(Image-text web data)
↓

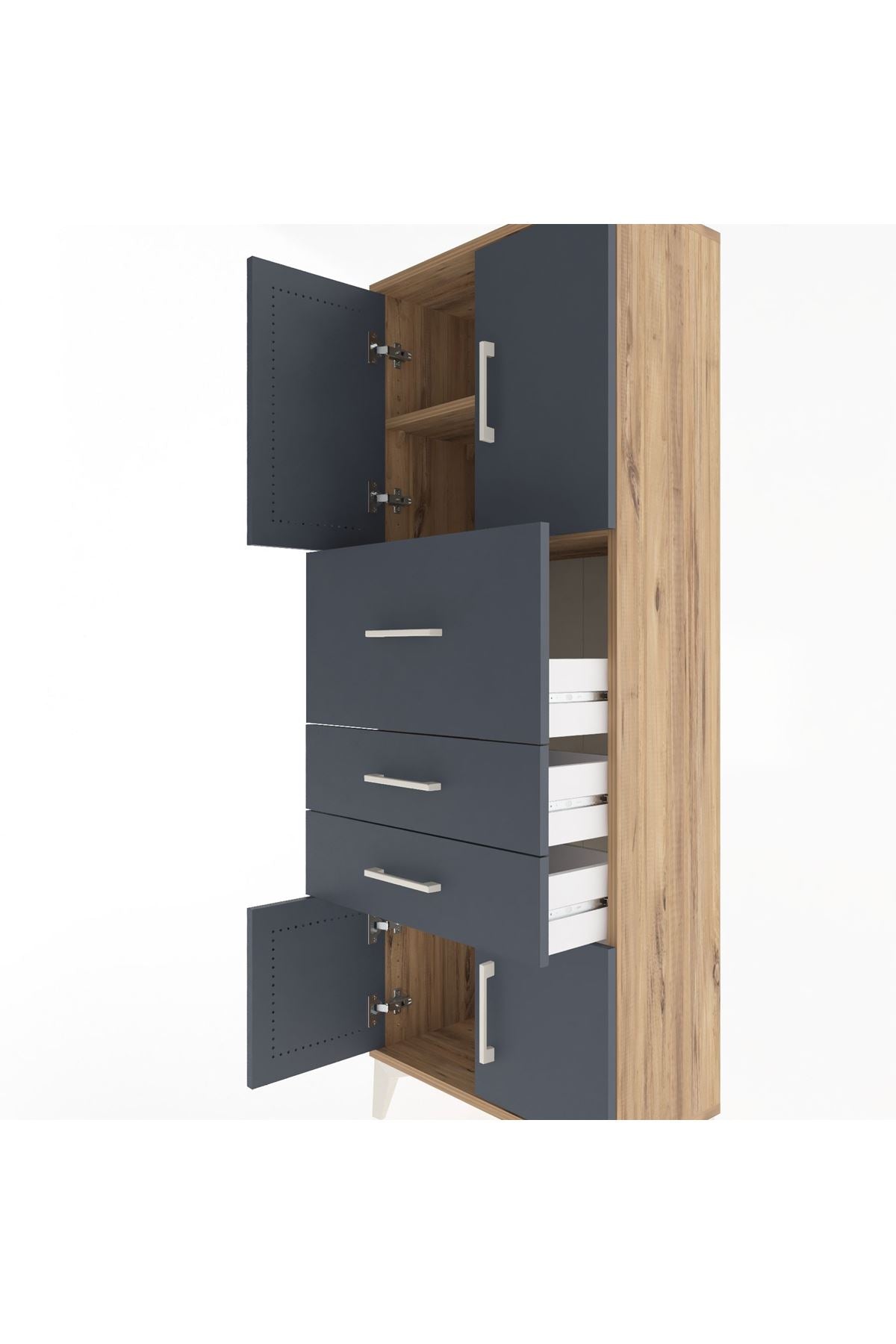 Arges Dolap 2 Raflı 3 Çekmeceli 4 Kapaklı 60x30x163 - S20M055V8A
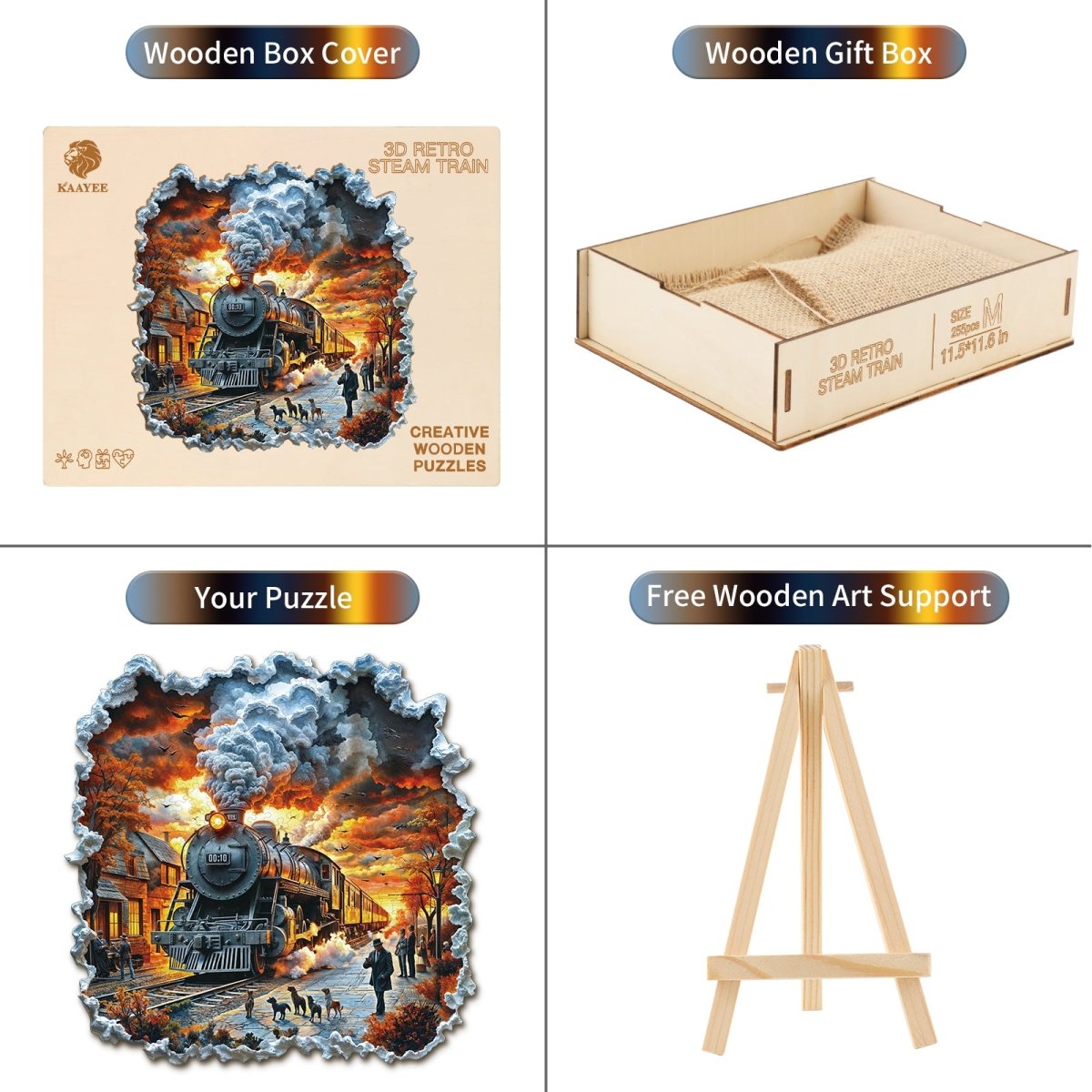 kaayee-wooden-puzzle-retro-steam-train-holzpuzzle-mittel-zug image 5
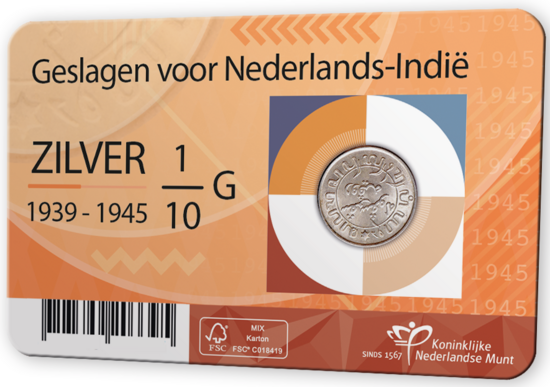 Numismatische Coincard 2025: '1/10de Gulden Nederlands-Indië 1939 - 1945'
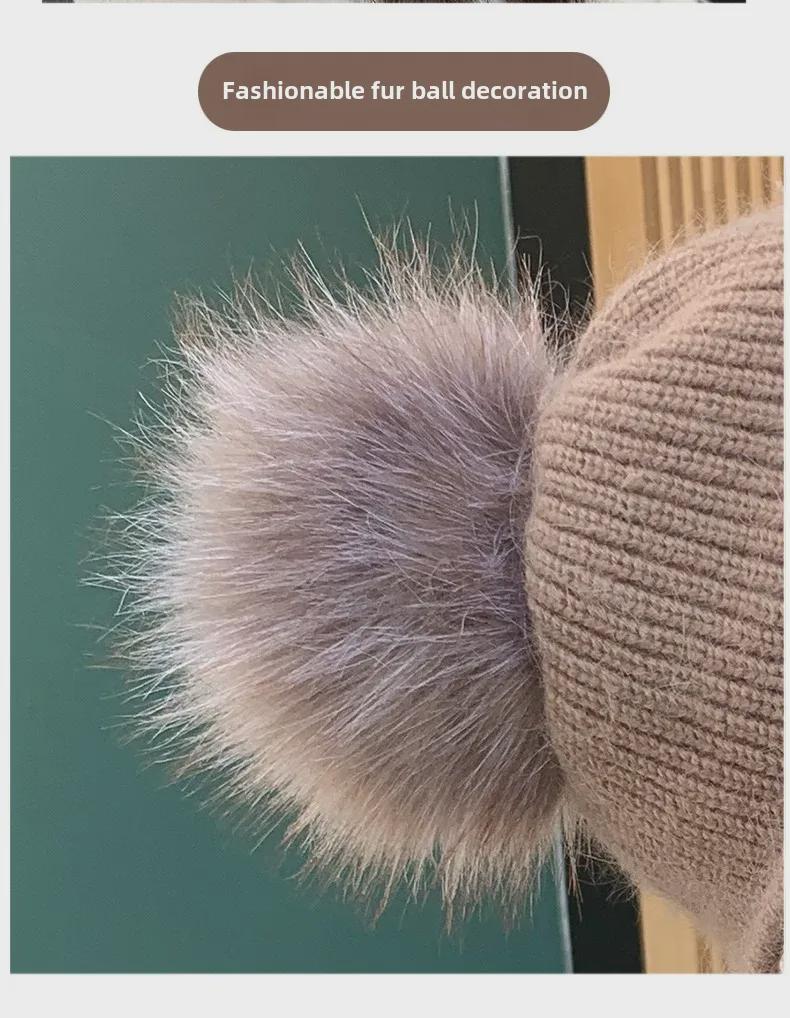 Women's Korean Style Wool Hat & Scarf Set – Cute, Cold-Proof, Ear & Neck Protection for Autumn/Winter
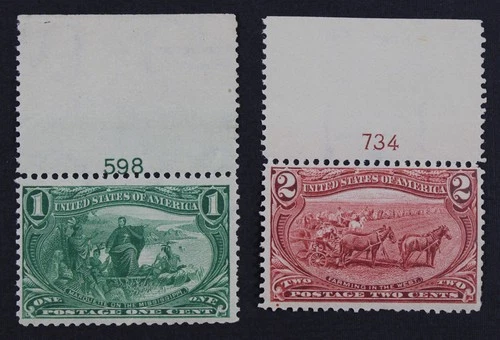CKStamps: US Stamps Collection Scott#285 Mint OG Selvage VLH, 286 NH OG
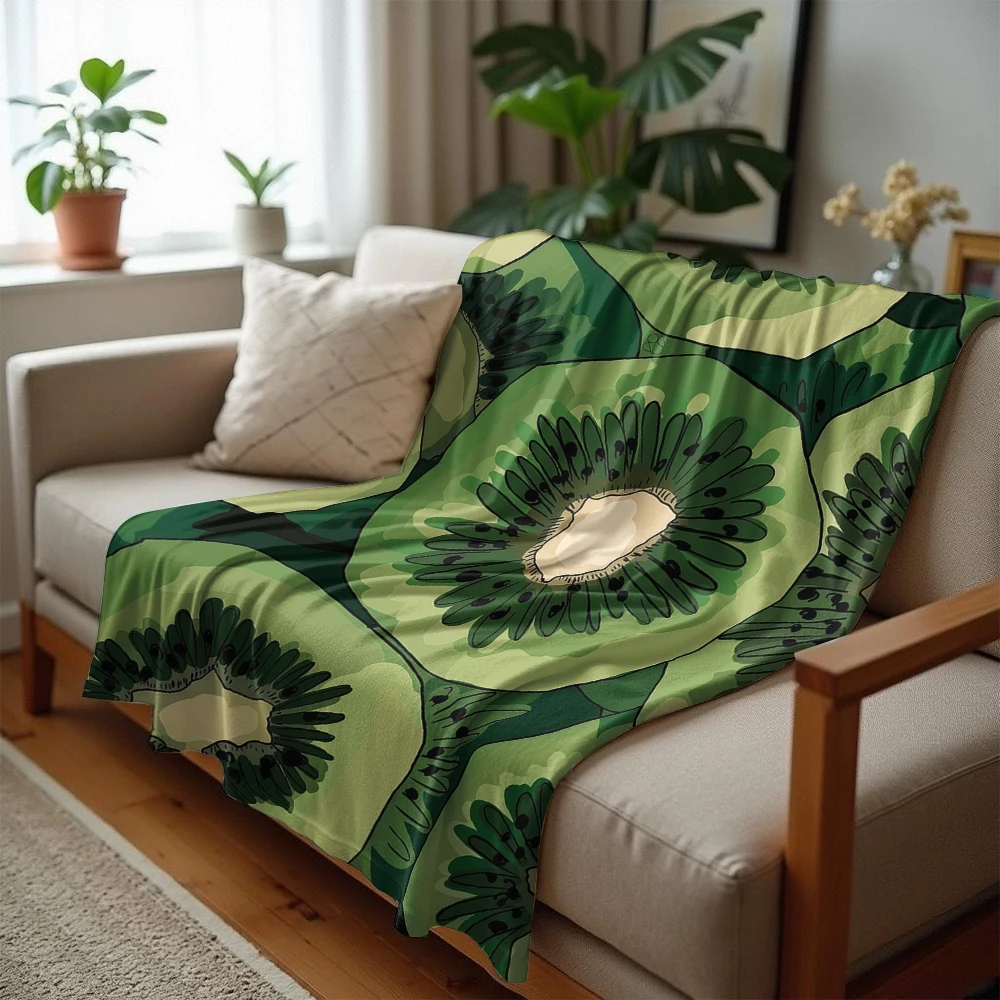 Kiwi Slices Cartoon Anime Print Flannel Blanket Soft Warm Throw for Kids Bedroom Sofa Bed Christmas Office Car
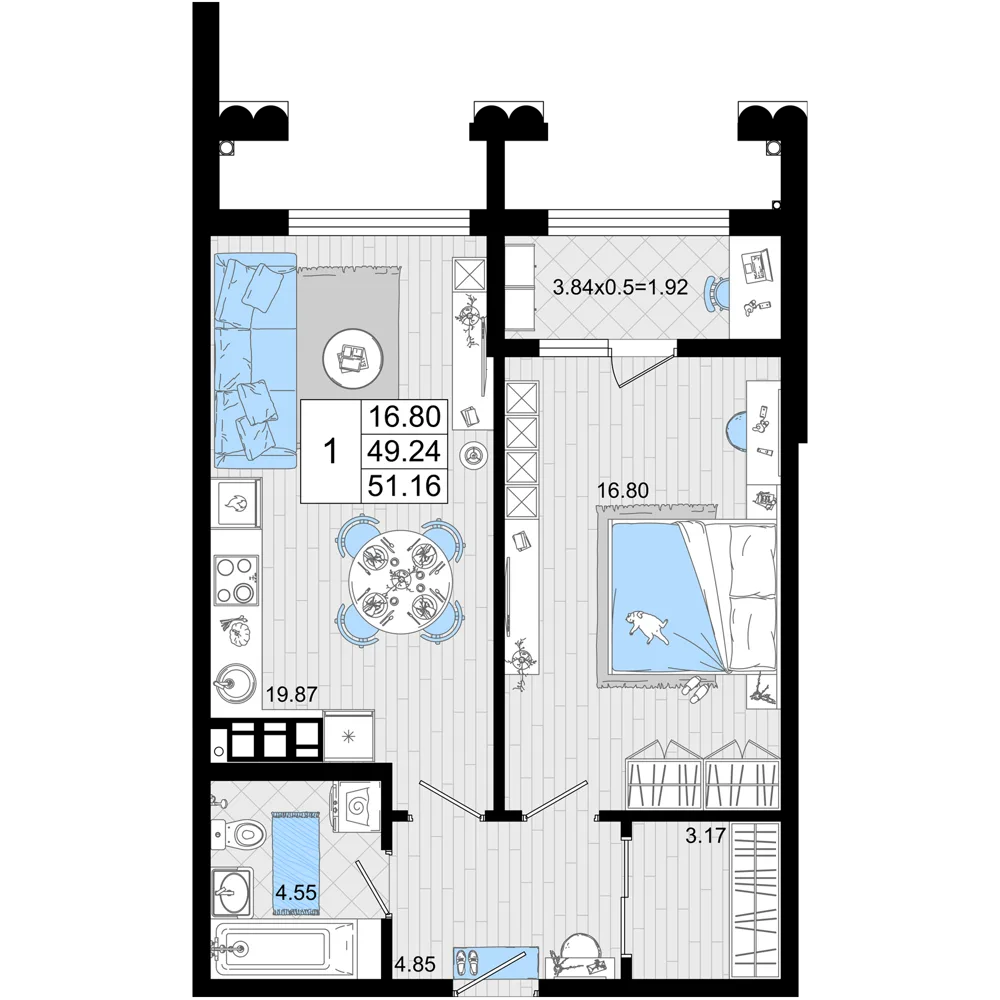 1-комнатная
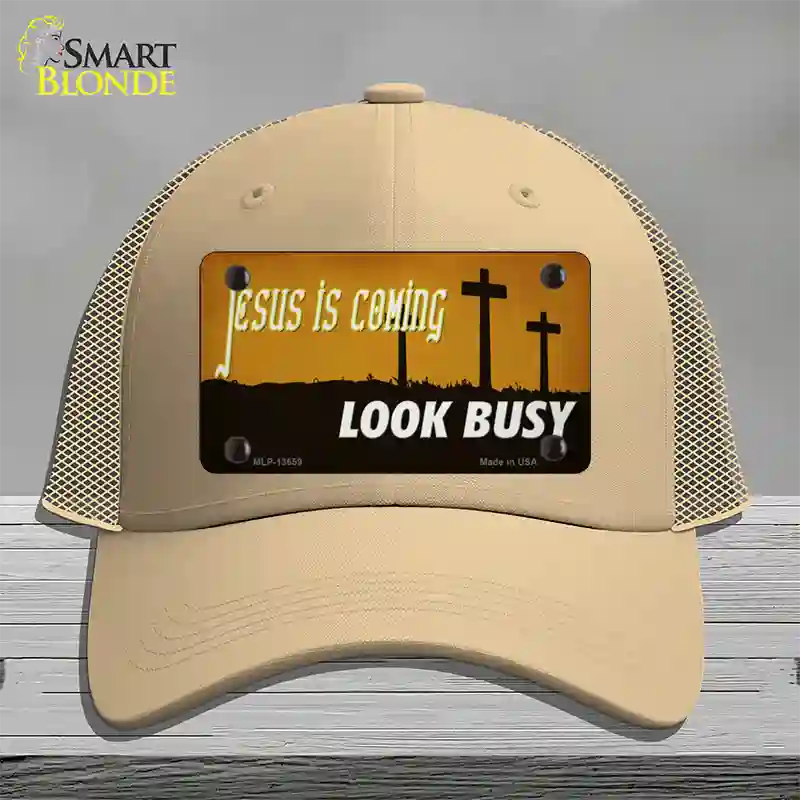 Jesus Is Coming Novelty License Plate Hat Tag Mesh / Khaki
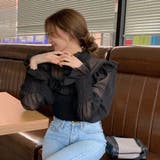 韓国ファッションドッキングブラウス 異素材 トップス | &soiree | 詳細画像15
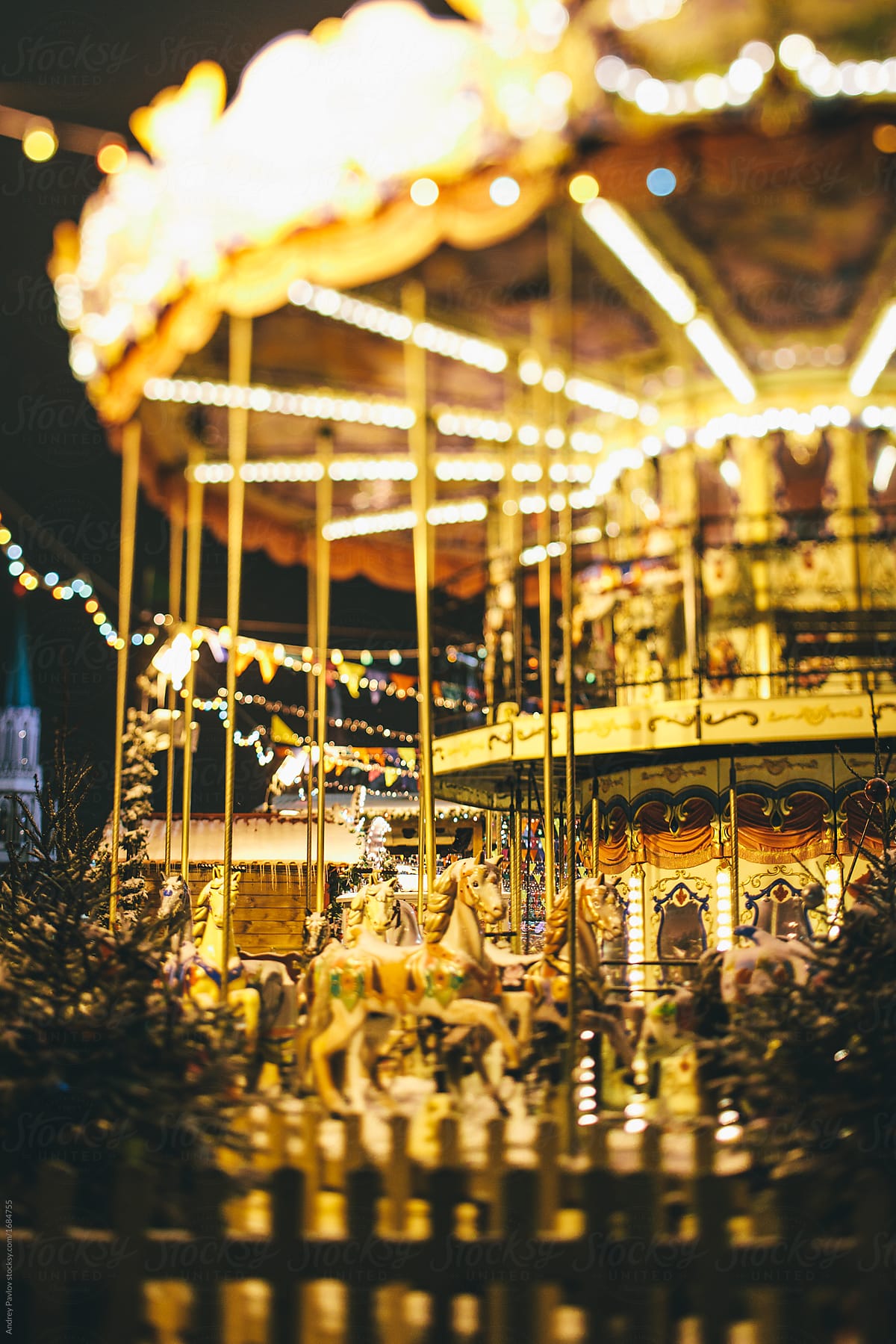 Illuminated bright fair carousel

↑

WORK ITEM: Reproduce every entry exactly; images stay out.

EXERCISE OUTPUT:
 Arges Dolap 2 Raflı 3 Çekmeceli 4 Kapaklı 60x30x163 - S20M055V8A
 kaayee-wooden-puzzle-retro-steam-train-holzpuzzle-mittel-zug image 5
 Numismatische Coincard 2025: '1/10de Gulden Nederlands-Indië 1939 - 1945'
 Women's Korean Style Wool Hat & Scarf Set – Cute, Cold-Proof, Ear & Neck Protection for Autumn/Winter
CKStamps: US Stamps Collection Scott#285 Mint OG Selvage VLH, 286 NH OG
 Kiwi Slices Cartoon Anime Print Flannel Blanket Soft Warm Throw for Kids Bedroom Sofa Bed Christmas Office Car
 1-комнатная
 Jesus Is Coming Novelty License Plate Hat Tag Mesh / Khaki
 韓国ファッションドッキングブラウス 異素材 トップス | &soiree | 詳細画像15
 Illuminated bright fair carousel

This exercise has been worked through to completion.